Newly released data on corporate profitability for 2012 show the continuation of historic levels of profitability despite excessive unemployment and stagnant wages for most workers. Specifically, the share of capital income (such as profits and interest, which are hereafter referred to as ‘profits’) in the corporate sector increased to 25.6 percent in 2012, the highest in any year since 1950-51 and far higher than the 19.9 percent share prevailing over 1969-2007, the five business cycles preceding the financial crisis.

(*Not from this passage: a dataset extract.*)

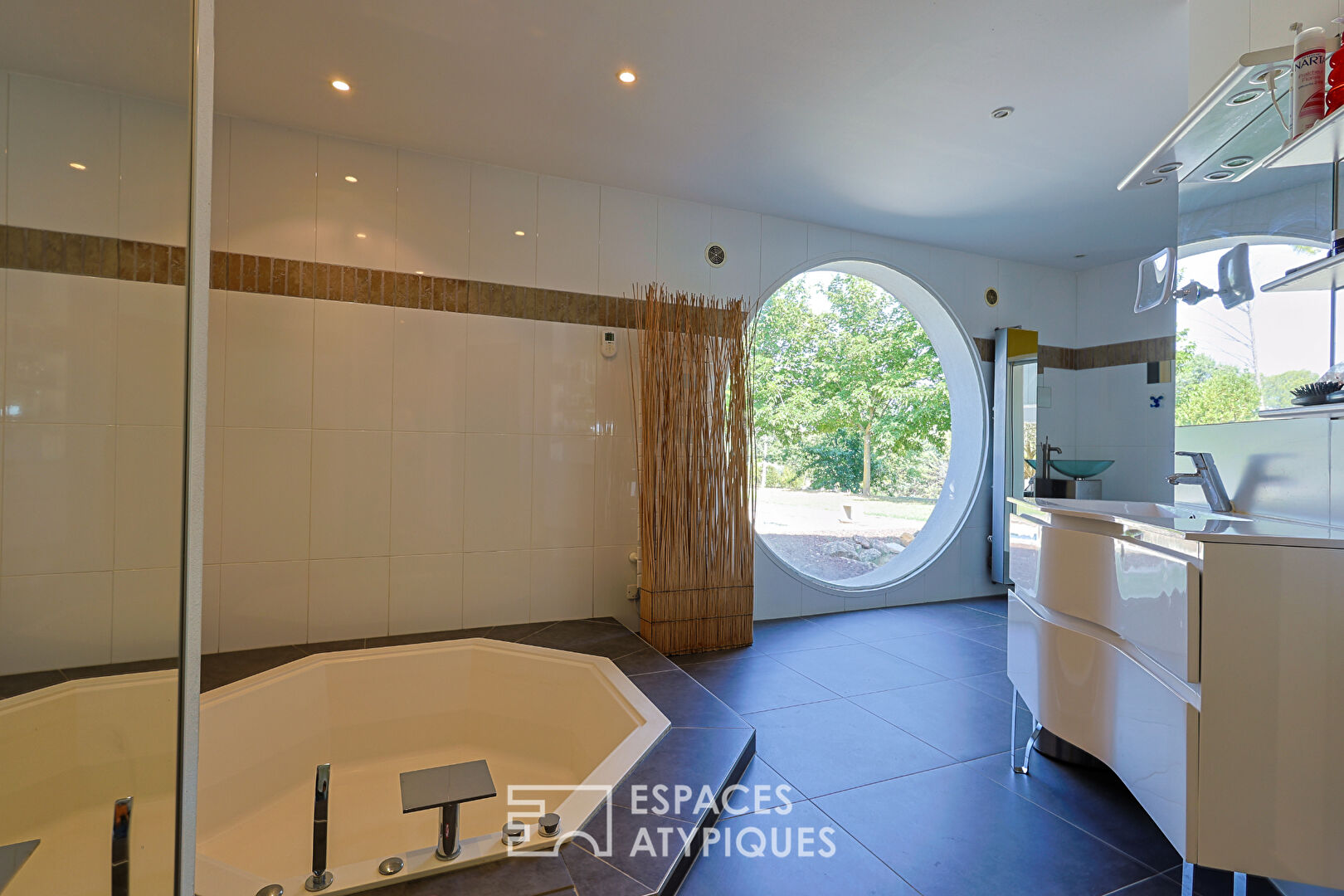 Maison d’architecte avec jardin et piscine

This historic share of income going to profits reflects historically high returns on investments, meaning more profit per dollar of assets, as we document in The State of Working America. A higher profits share could result from an economy becoming more capital-intensive, where more assets are associated with each worker in the production of goods and services. However, the economy has become less capital-intensive since 2007 and is now only modestly more capital-intensive than it was over the preceding four decades. Profitability used to be lower when there was high unemployment, but in this downturn we have already seen the share of income going to profit exceed the high point reached in the last recovery or at any time in the last five recoveries. We now have an economy built to assure high corporate profitability even when it’s operating far below capacity and when most families and workers are faring poorly. This is further evidence that there is a remarkable disconnect between the fortunes of business and those best-off (high income households) and the vast majority.
A wonky point: some analysts choose to look at profits as a share of GDP, or the economy, but this is analytically incorrect. The profit share of GDP provides a nice shorthand method but it is flawed because there are sectors of the economy that have little capital income by their nature—government and the non-profit sector. Consequently, when these sectors expand or contract the overall share of profits in the economy shifts. There’s also the problem of the proprietary sector where the categorization of income is problematic (how much of the income obtained by the self-employed, for instance, is salary versus profit). That is why economists studying profitability (including, for instance, a paper by Martin Feldstein and Larry Summers and one by Jim Poterba) have always focused on the corporate sector. In any case, the profit (capital income) share of national income in 2011 (2012 data not yet available) was also historically high, but comparable or below the share in 1965-66, 1996-97, and 2006.
No matter how it is measured this economy has achieved something remarkable, the ability to generate large returns to owners of assets even when the economy remains far below full employment. This did not happen by accident my friends.